#### GIVEN INFORMATION:
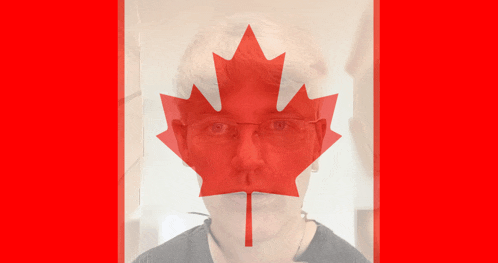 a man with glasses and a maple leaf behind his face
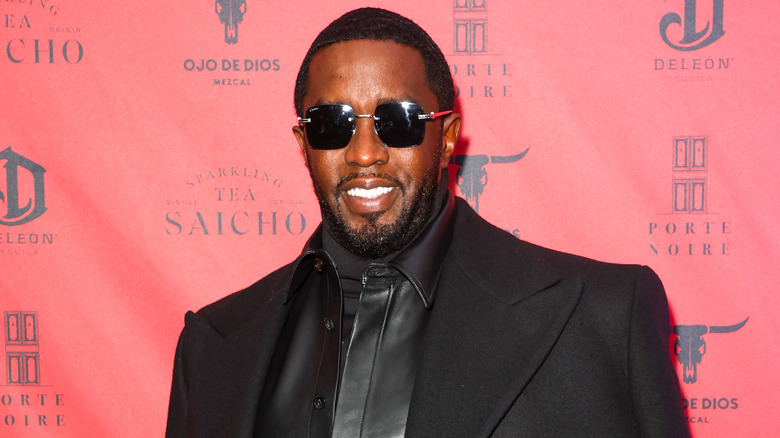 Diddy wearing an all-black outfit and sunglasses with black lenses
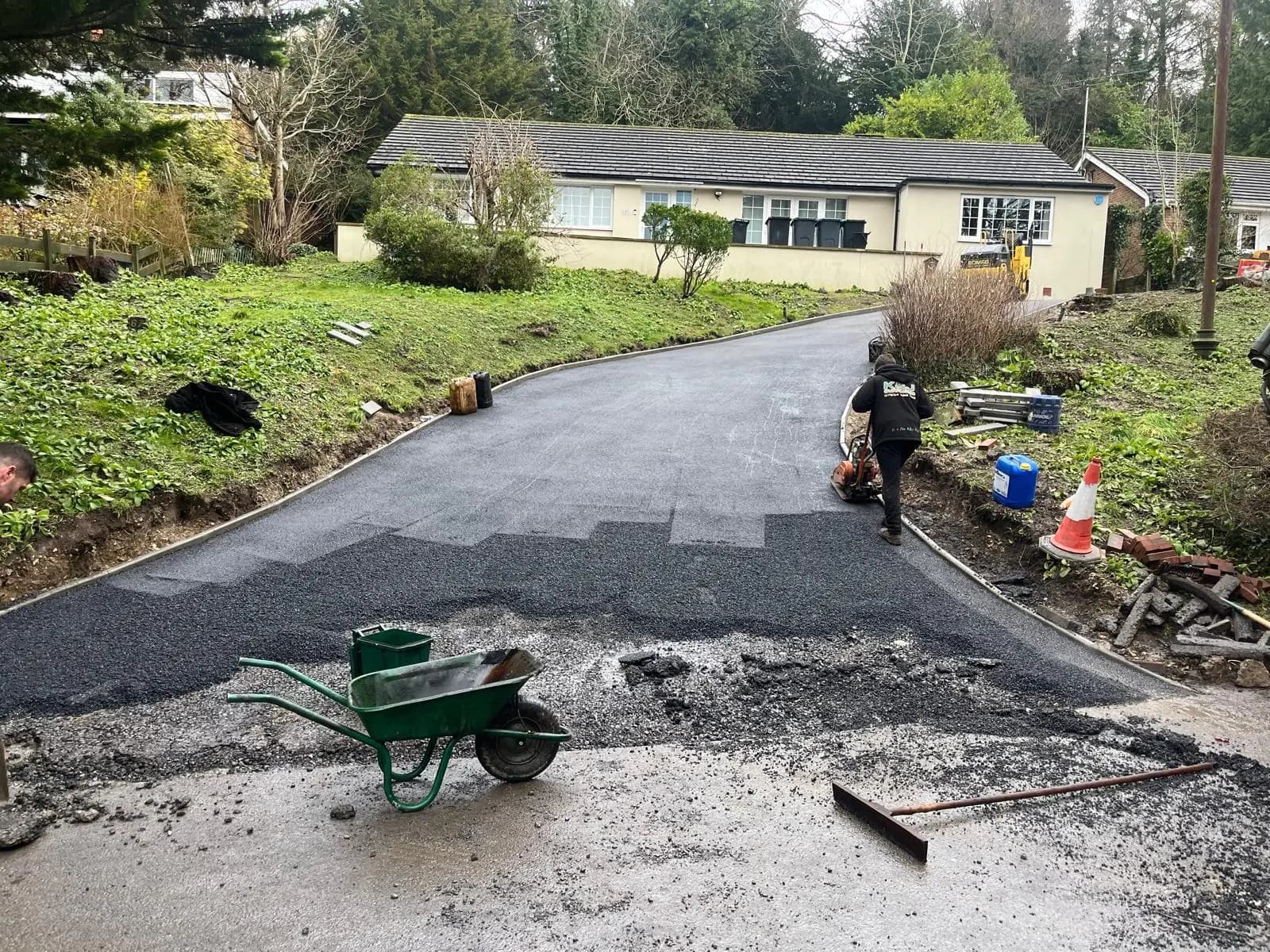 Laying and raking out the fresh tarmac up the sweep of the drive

#### WHAT TO WORK ON:
Print every line of the material above exactly as it reads, skipping the pictures.

#### EXERCISE RESULT:
 a man with glasses and a maple leaf behind his face
 Diddy wearing an all-black outfit and sunglasses with black lenses
 Laying and raking out the fresh tarmac up the sweep of the drive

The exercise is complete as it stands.